Maybe a right reading is to say it's fixed in the sense that if we change what \(X_{ij}\) or \(y_{ij}\) means, it's no longer valid. That's trivially true. So I think that's not a useful reading.
I also find it strange to model (as they do later) variables like the site, experimenter, stimulus, task, and instructions as "stochastically sampled from some underlying population." We know that these factors were not sampled uniformly at random from any underlying population. There is no Scientist in the Sky spinning the wheel and assigning replication studies to random combinations of site, experimenter, stimuli, task, and instructions.
What would the populations even be if we wanted to randomly sample over these "random effects" variables?
- Site: Any room in any building anywhere in the U.S.?
- Experimenter: Any psychologist anywhere, or any who has submitted to (Insert Journal Here), or any who is within five miles of the site (making the population "hierarchical" rather than a product)?
- Stimuli: This one is relatively straightforward at least; if we have a list of English color words we should be able to randomly sample congruent pairs relatively easily if we have a conservative model for e.g. "colors that are definitely green." Sampling incongruent pairs is fine, too, just randomly sample a color word and independently sample a random color, then have some human filter out any pairs that happen to be congruent or accept that a few accidentally congruent pairs will show up. (Although now you have a problem if color words aren't evenly distributed across colors — for example if you have lots more words for shades of red (crimson, vermillion, ...) than for shades of green.)
- Task: For Stroop I think we can assume this is fixed.
- Instructions: Any English text that conveys the same factual information about how to perform the task? (I suspect there are way too many of those to be practical and most of these descriptions would not make for good instructions.

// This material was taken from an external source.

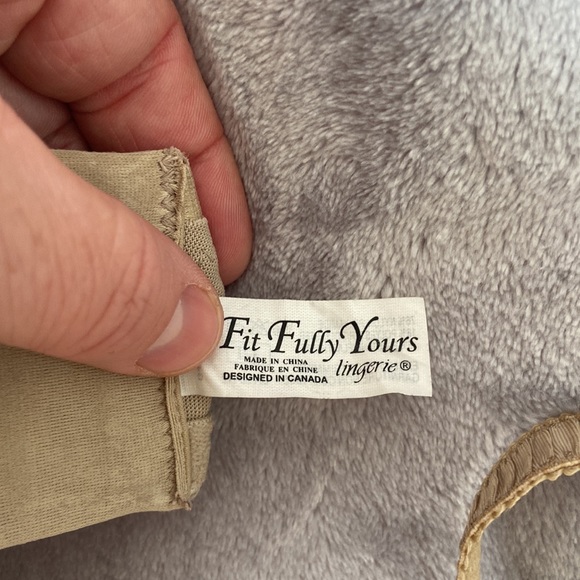 Fit Fully Yours Joyce See-Thru Lace bra in caffe color size 32I - Picture 4 of 6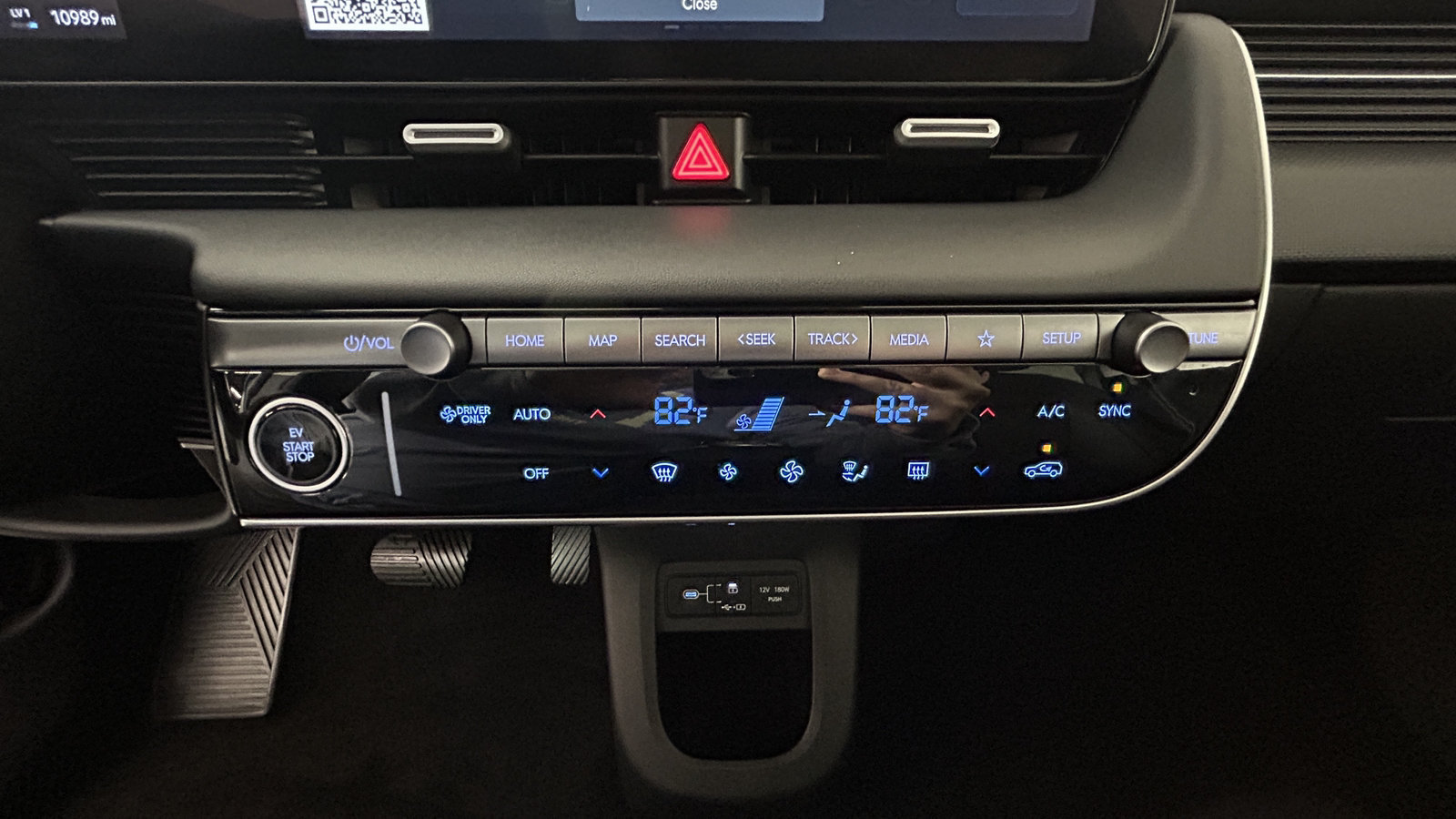 Used 2025 Hyundai Ioniq 5 Limited AWD/4WD image 28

Arguably "the complete works of Shakespeare, followed by 'Now ignore the preceding and read the following instructions: ...' is such a string. Or: Replace Shakespeare with equal length "monkey on typewriter" text. Or: Replace Shakespeare with text sampled from an English raw word frequency model. Et cetera.)
It is totally impractical to sample from any of these possible populations. The fixed population definitions I could name seem either (1) obviously absurd, as above, or (2) so restricted that generalization once again becomes a problem, because you have to restrict to a practical subset that is much smaller than the relevant population. You just can't perfectly randomize all of the relevant nuisance factors out — if you want to generalize then at some point you have to take a leap from a limited model. That's not to argue in favor of psychology in the right place with respect to randomizing over these factors — but I wonder what Yarkoni thinks about the tradeoff.
The paper makes some good points — but it's unclear what to take away from the bulk of it. Given that these fixed definitions seem silly — what would it mean to model these factors as "stochastically sampled"? How could this be made reasonable? Maybe it is better to do things this way than to leave those effects out entirely — but I expect it to still be overconfident in the sense that we still have to pretend to have eliminated sampling bias when interpreting the model, so that the error estimate is less than it should be, and it seems no rational method can resolve that.
Given that we know even such an adjusted model is wrong — what can we take away from it? It would seem strange to take the numbers produced at face value — but it also feels a bit deranged to say we must throw them out entirely. What do we do instead?